If you ask your financial planner, he will tell you that all your long-term portfolios (retirement and child’s education) should have an exposure of about 15-20 per cent (of the equity portion) to international equities. This international exposure should be split between a developed market and an emerging market. Among developed markets, what better option can you get than the US (notwithstanding its recent travails) -- the world’s largest economy with the deepest capital market? So far Indian investors had two options for investing in the US: Motilal Oswal’s MOSt Shares NASDAQ-100 ETF (a passive fund) and FT India Feeder Franklin US Opportunities (a feeder fund). With the launch of ICICI Prudential’s new fund offer (NFO), US Blue-chip Equity Fund, Indian investors now have a third, differentiated option for investing in the US market.

Nature of the fund

ICICI Pru’s US Blue-chip Equity Fund is an open-ended actively managed equity fund. It will be directly managed by Indian fund managers and is not a feeder fund. It will invest in the equity and equity-related securities listed on the New York Stock Exchange and the Nasdaq. The fund will invest in blue-chip stocks and is benchmarked against the S&P 500 index (a market cap-weighted index of the 500 biggest stocks, which is weighted towards large-cap stocks). The fund will have a portfolio of around 25-40 stocks. It will follow the fund house’s growth-at-reasonable-price (GARP) approach to investing.

Investing in the US: an idea whose time has come

There are many good reasons why Indian investors should have an exposure to the US market:  

Low correlation. According to Sankaran Naren, chief investment officer-equity, ICICI Prudential Mutual Fund, “Diversification is meaningful only if you add another asset class which behaves very differently from the existing asset class in your portfolio. The US market fits the bill.” Over different time horizons (one-year, three-year, five-year and 10-year), the correlation between the Nifty and the S&P 500 has been found to be between 0.23 and 0.30. The low correlation between the two markets combined with currency diversification does have the potential to benefit Indian investors’ portfolios.

Size and depth. The US is the world’s largest economy: US GDP is $15 trillion (compared to India’s $1.7 trillion) and it accounts for 21.67 per cent of total world GDP. The US also has the world’s largest capital market: listed companies in the US account for 33.29 per cent of world market capitalisation (compared to India’s 2.26 per cent). Given the size of the US economy and the depth of its capital market, no reasonably large-sized and long-tenure Indian portfolio can afford not to have an exposure to the US market.

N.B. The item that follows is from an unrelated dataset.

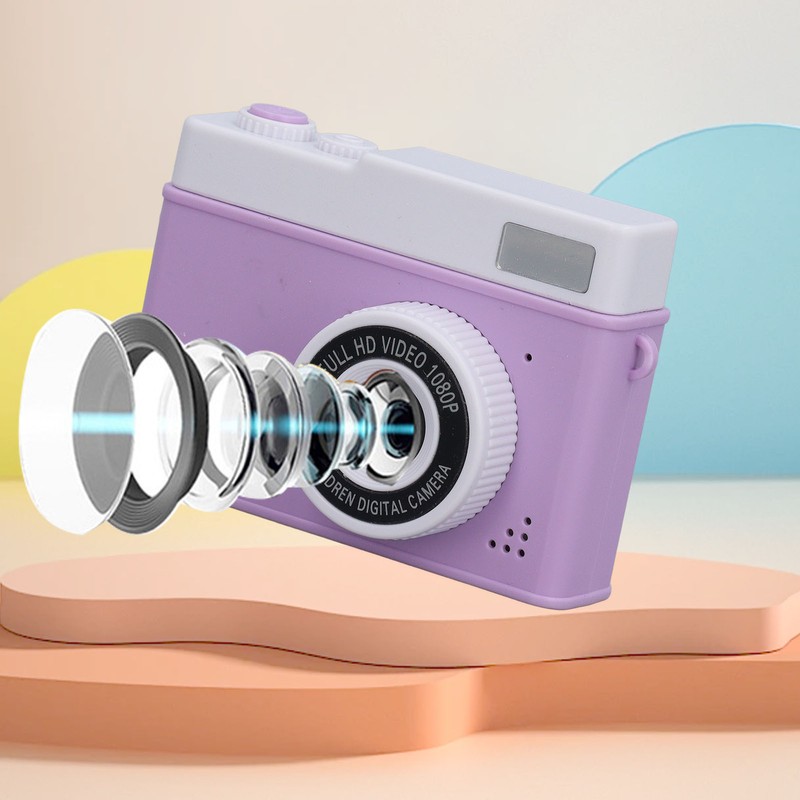 1080P Kids Camera Auto Focus Point and Shoot Camera with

Many of the biggest US companies today earn a substantial portion of their revenues and profits from markets across the globe. By investing in this fund, Indian investors will get not just US but global exposure.

Variety and novelty. By investing in the US market, the Indian investor will also get exposure to industries that don’t have a significant presence and scale in the Indian capital market: defence, aerospace, semiconductor, toys, Internet and e-commerce services.

US Blue-chip Fund’s strategy

Many investors are likely to pose the question: why invest in a US fund from ICICI Pru when the fund house does not have any particular expertise in the US market?

In the past, the fund house has run an Indo-Asia Fund (which invests 35 per cent of its corpus in other Asian markets) and has made a success of it. This fund is currently rated five-star by rating agencies.

Nonetheless, the lack of experience vis-à-vis the US market is an issue. To overcome it, the fund house has tied up with Morningstar Equity Research Services. The latter, a respected name in equity research, will lend its research expertise to ICICI Pru.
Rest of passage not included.